Maps In Java
Map is a data structure and it is mainly used for fast data lookups or searching. The Map interface in java is one of the four top level interfaces of Java Collection Framework along with List, Set and Queue interfaces. But, unlike others, it doesn’t inherit from Collection interface. Instead it starts its own interface hierarchy for maintaining the key-value associations. Map is an object of key-value pairs where each key is associated with a value. HashMap, LinkedHashMap, ConcurrentHashMap and TreeMap are four popular implementations of Map interface. In this article, we will discuss about the hierarchy, property and internal mechanisms of Map in Java.
Hierarchy of Maps
The Map interface doesn’t inherit from Collection interface, it starts its own hierarchy for maintaining the key-value associations. HashMap, LinkedHashMap, ConcurrentHashMap and TreeMap are four popular implementations of Map interface.

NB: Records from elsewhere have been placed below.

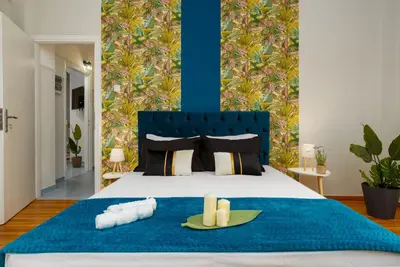 a bedroom with a bed with two candles on a blue blanket at Rebel's Rest - 4BR Apartment in Athens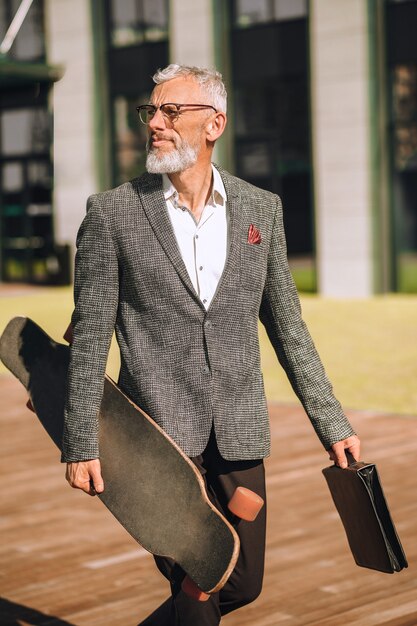 Actieve rust. Een zakenman die met een skateboard in handen loopt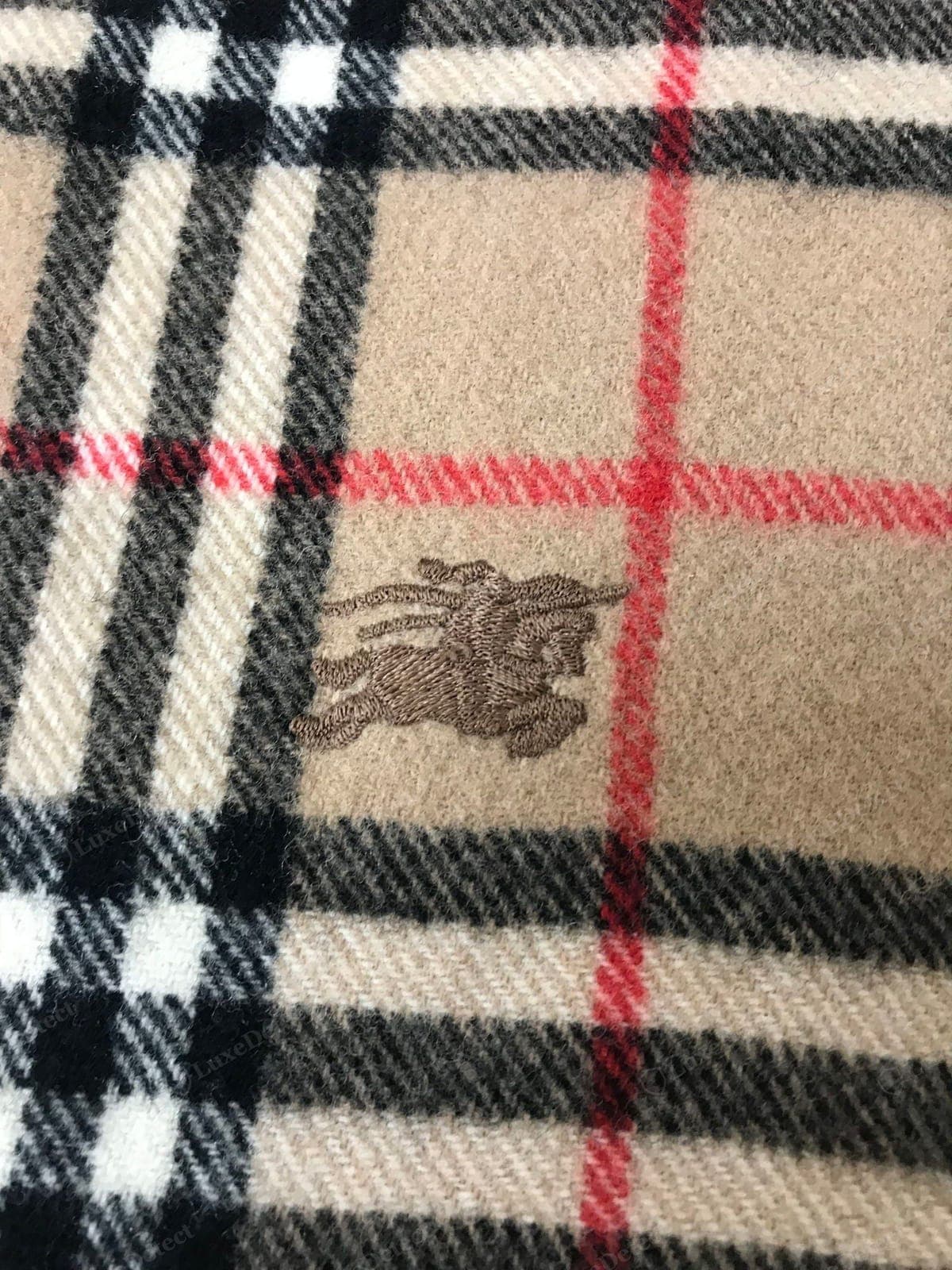 Logo de una bufanda Burberry falsa: un "BURBERRY" borroso, mal proporcionado o estampado, o con la tipografía incorrecta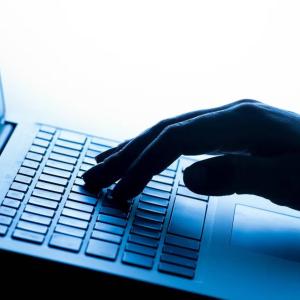 A hand typing on a laptop keyboard.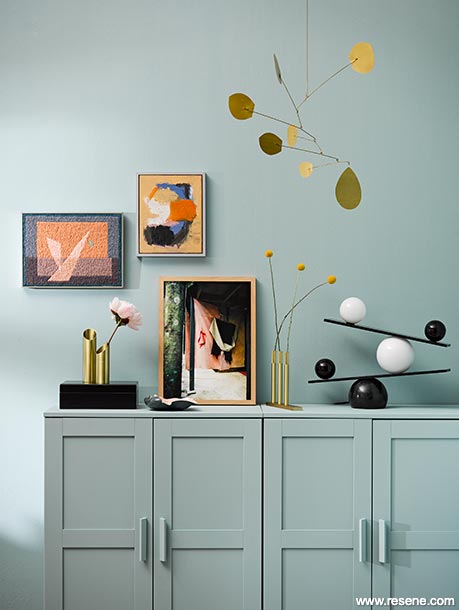 Paint your walls and storage cabinets in the same colour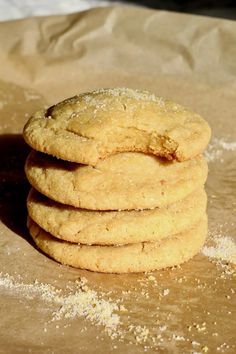 a stack of cookies sitting on top of a piece of wax paper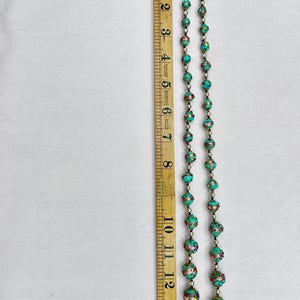 May include: A turquoise and gold beaded necklace with a silver clasp. The necklace is approximately 14 inches long and features intricate details on each bead.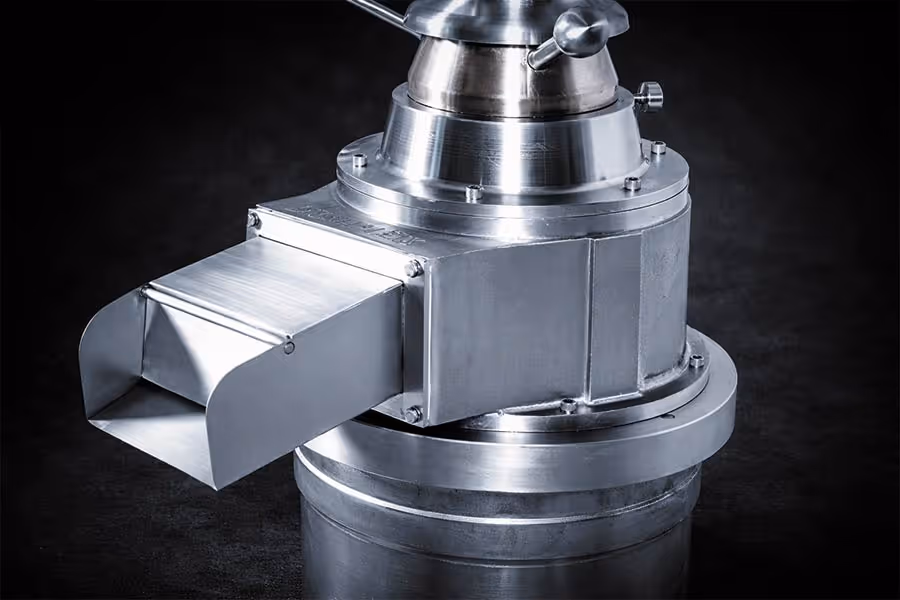 Parte metálica pulida de una máquina industrial con una boquilla rectangular sobresaliente.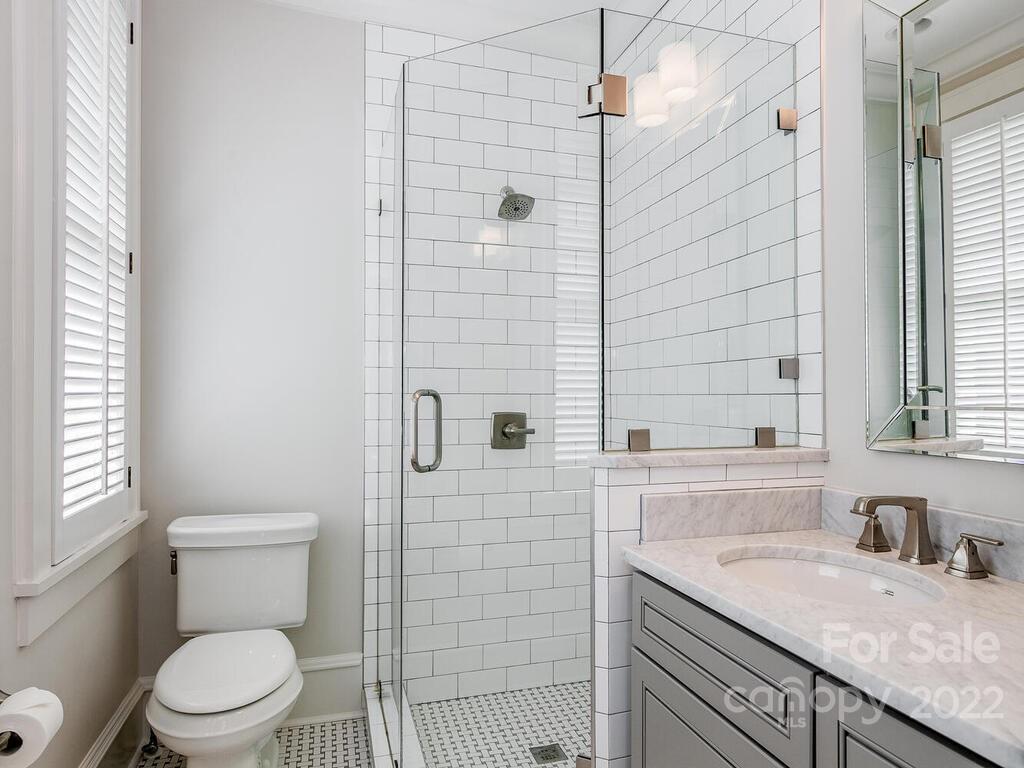 1210 Dilworth Road Charlotte, NC 28203 - Photo 23 of 39 a bathroom with a granite countertop toilet a sink a mirror and shower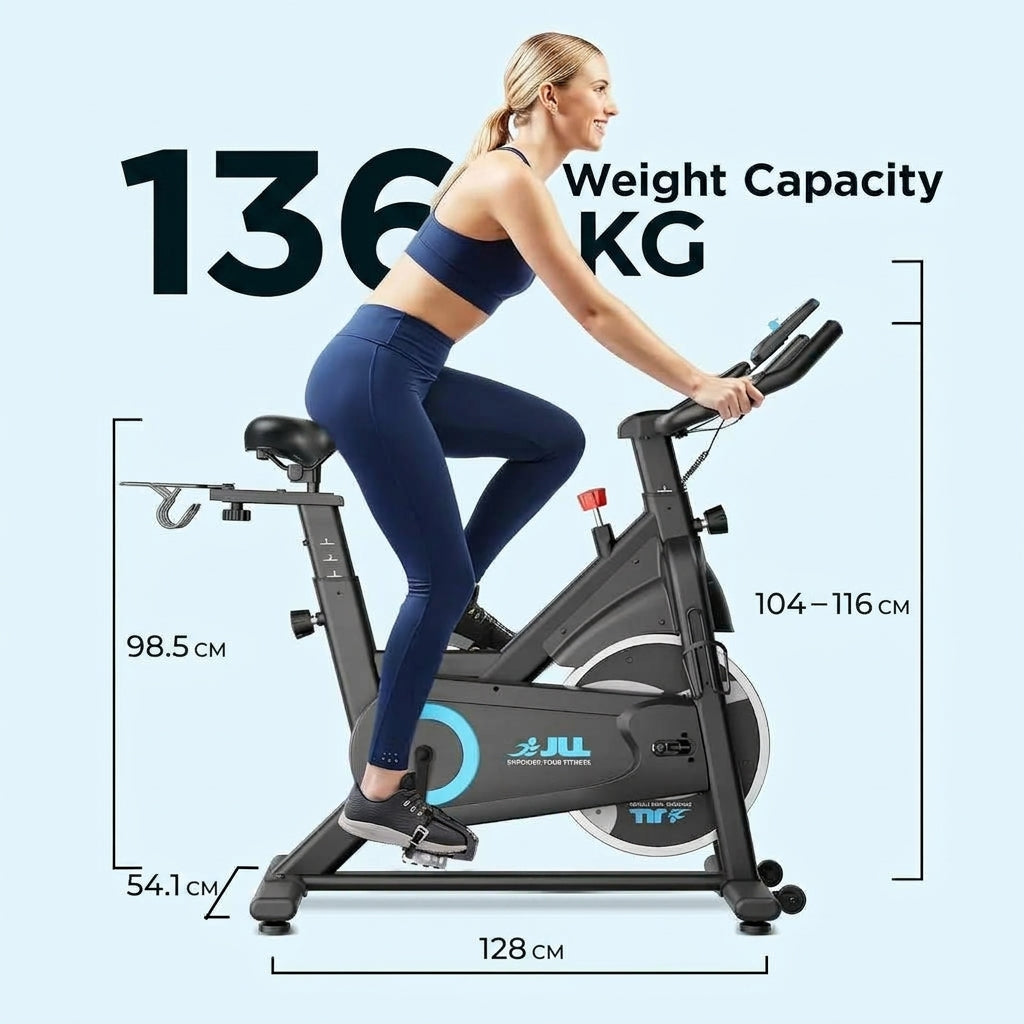 A woman riding a stationary exercise bike on a light blue background, with overlaid dimension labels showing 128 cm width, 98.5 cm seat height, 54.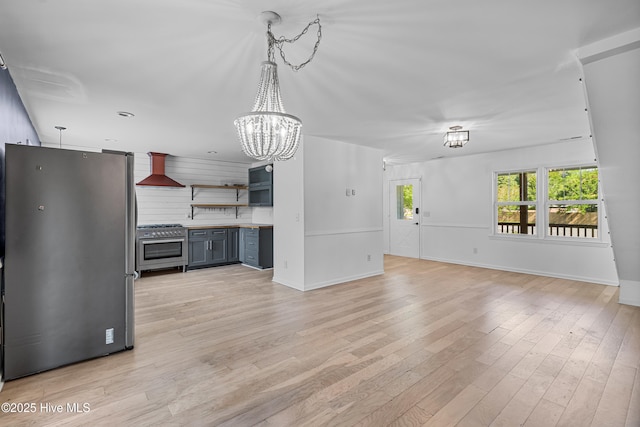 unfurnished living room with light wood-style flooring, baseboards, and a notable chandelier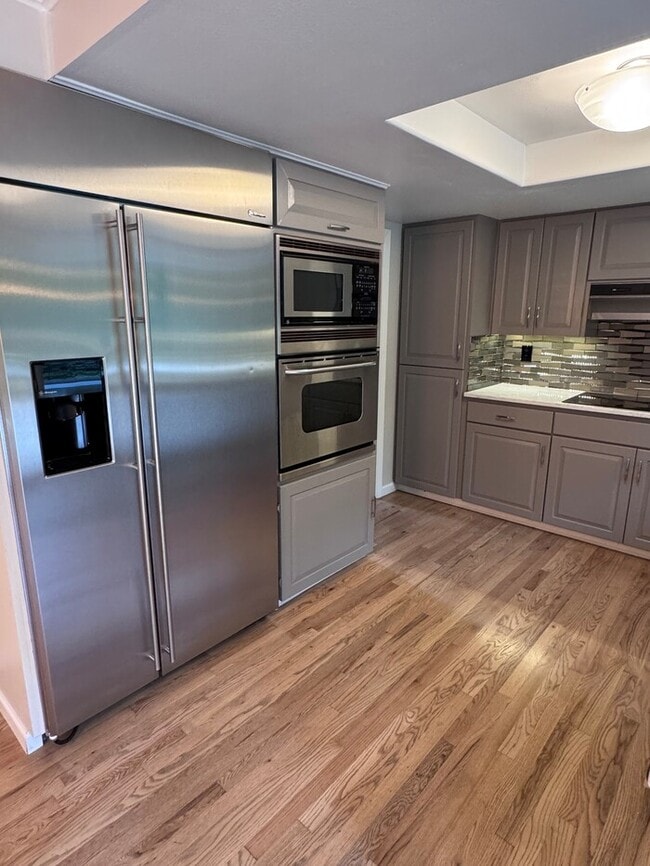 Building Photo - Spacious 4 Bed Home Backing to Private Woodland Trails! Finished Basement, Large Deck, Office, Pe...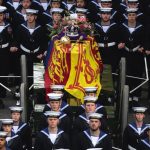 Members of the Royal Navy direct the State Gun Carriage carrying the coffin of Queen Elizabeth II, draped in the Royal Standard with the Imperial State Crown and the Sovereign’s orb and sceptre, during the Ceremonial Procession of her State Funeral as it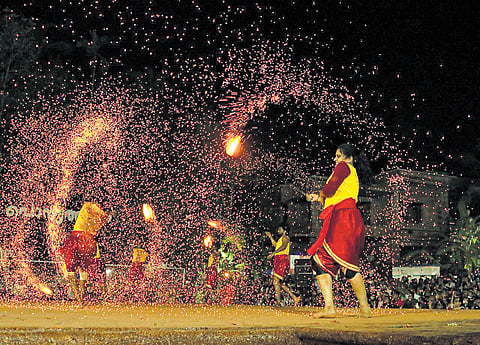 Performers at Ponniyathankam, the traditional martial arts festival of Kannur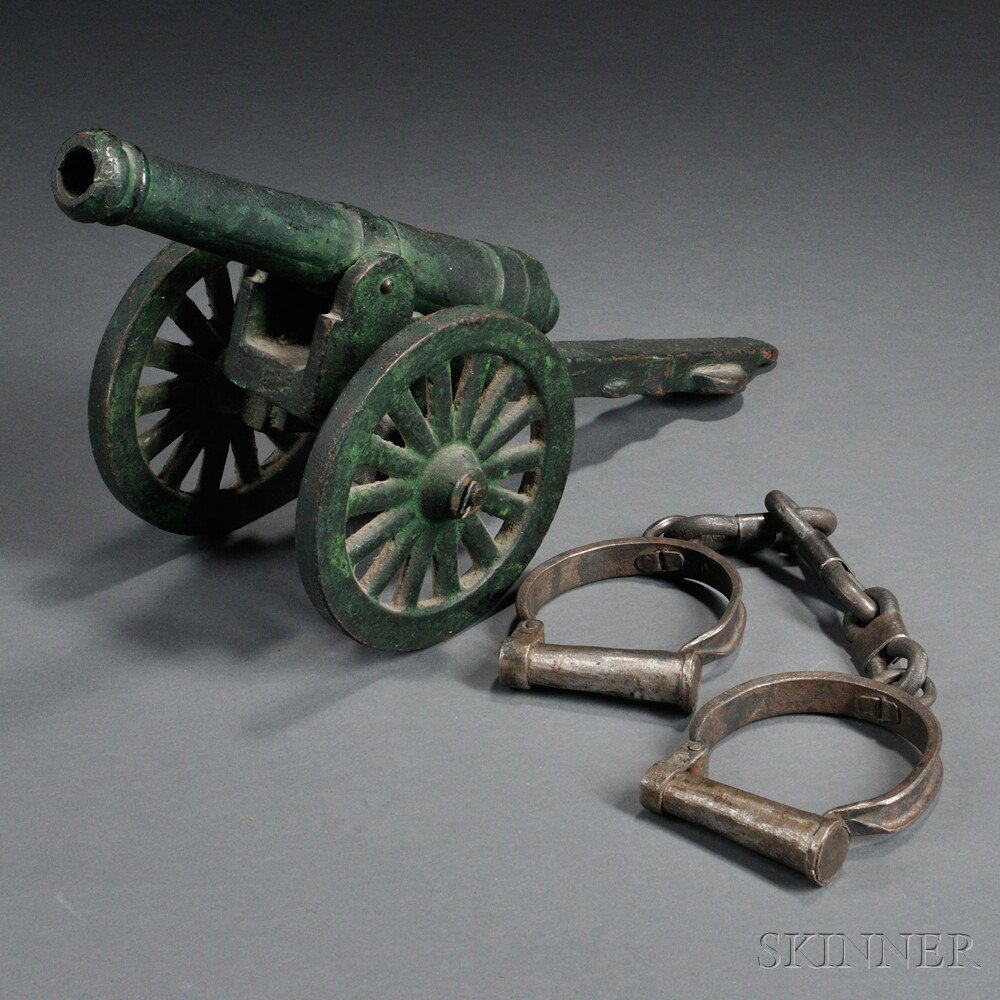 Appraisal: Cannon and Handcuffs c th century iron cannon with green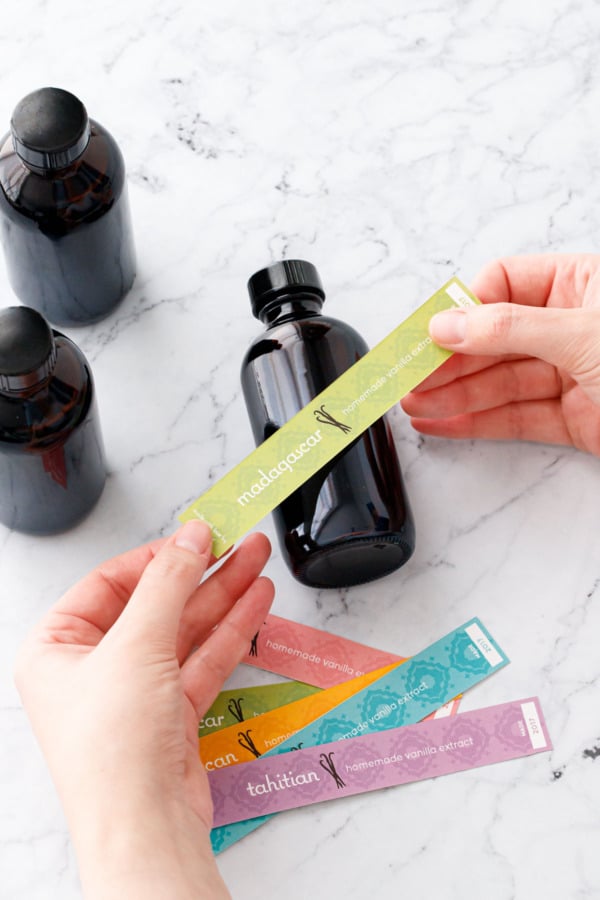 Adhering a colorful label to the final bottle of vanilla extract.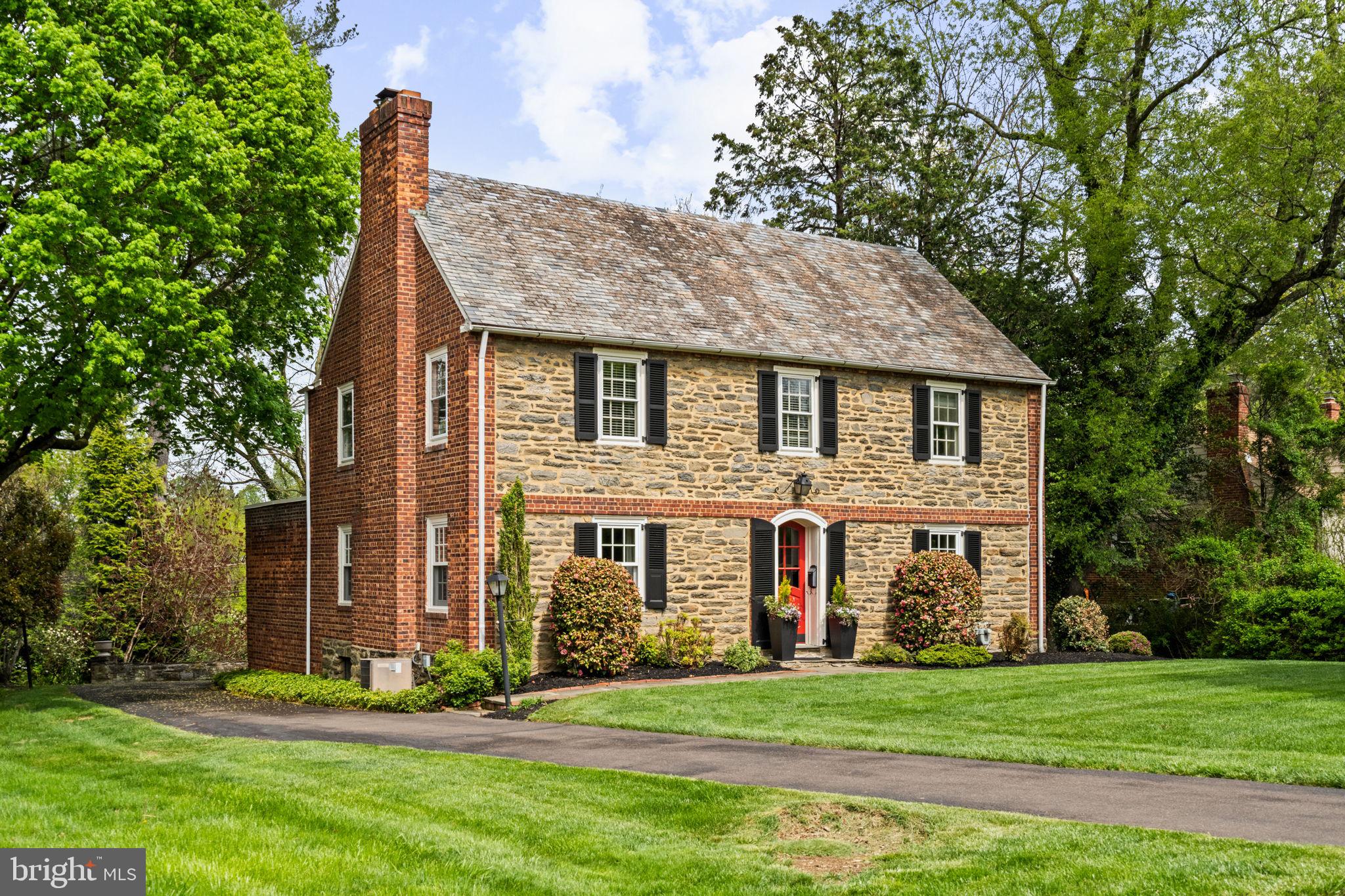 7901 Cobden Road Glenside, PA 19038 - Photo 2 of 43 a front view of a house with a yard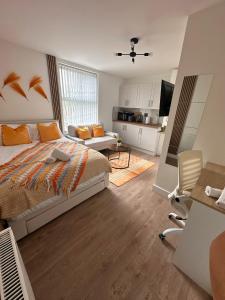 a bedroom with a bed and a living room at R4 - Luxury fully Self-Contained Studio with Private Bathroom and Kitchen in Halesowen +13 photos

The picture below shows the class hierarchy structures of Map interface:
Note:
- (C) means class (blue), whereas (I) means interface (orange).
- The solid line means “extends”, whereas the dashed line means “implements”.
How HashMap Works Internally
If your application demands fast insertion and retrieval, then HashMap is the ultimate choice. HashMap is the most used data structure in java because it gives almost constant time performance of O(1) for put and get operations irrespective of how big is the data. As you already know, HashMap stores the data in the form of key-value pairs. In this section, we will see how HashMap works internally in java and how it stores the elements to give O(1) performance for put and get operations.
Internal Structure
HashMap stores the data in the form of key-value pairs. Each key-value pair is stored in an object of Entry<K, V> class. Entry<K, V> class is the static inner class of HashMap which is defined like below.
static class Entry<K,V> implements Map.Entry<K,V> {
final K key;
V value;
Entry<K,V> next;
int hash;
//Some methods are defined here
}
As you can see, this inner class has four fields: key, value, next and hash.
- key : It stores the key of an element and it is final.
- value : It holds the value of an element.
- next : It holds the pointer to next key-value pair. This attribute makes the key-value pairs stored as a linked list.
- hash : It holds the hashcode of the key.
These Entry objects are stored in an array called table[]. This array is initially of size 16. It is defined like below:
/**
* The table, resized as necessary. Length MUST Always be a power of two.
*/
transient Entry<K,V>[] table;
The picture below best summarizes the whole HashMap structure:
Internally HashMap uses an array of Entry<K, V> class called table[] to store the key-value pairs.
But how HashMap allocates slot in table[] array to each of its key-value pair is very interesting. It doesn’t inserts the objects as you put them into an array i.e. first element at index 0, second element at index 1 and so on. Instead it uses the hash code of the key to decide the index for a particular key-value pair. It is called Hashing.
What Is Hashing?
The whole HashMap data structure is based on the principle of Hashing. Hashing is nothing but the function or algorithm or method which when applied on any object/variable returns an unique integer value representing that object/variable. This unique integer value is called hash code. Hash function or simply hash said to be the best if it returns the same hash code each time it is called on the same object. Two objects can have same hash code.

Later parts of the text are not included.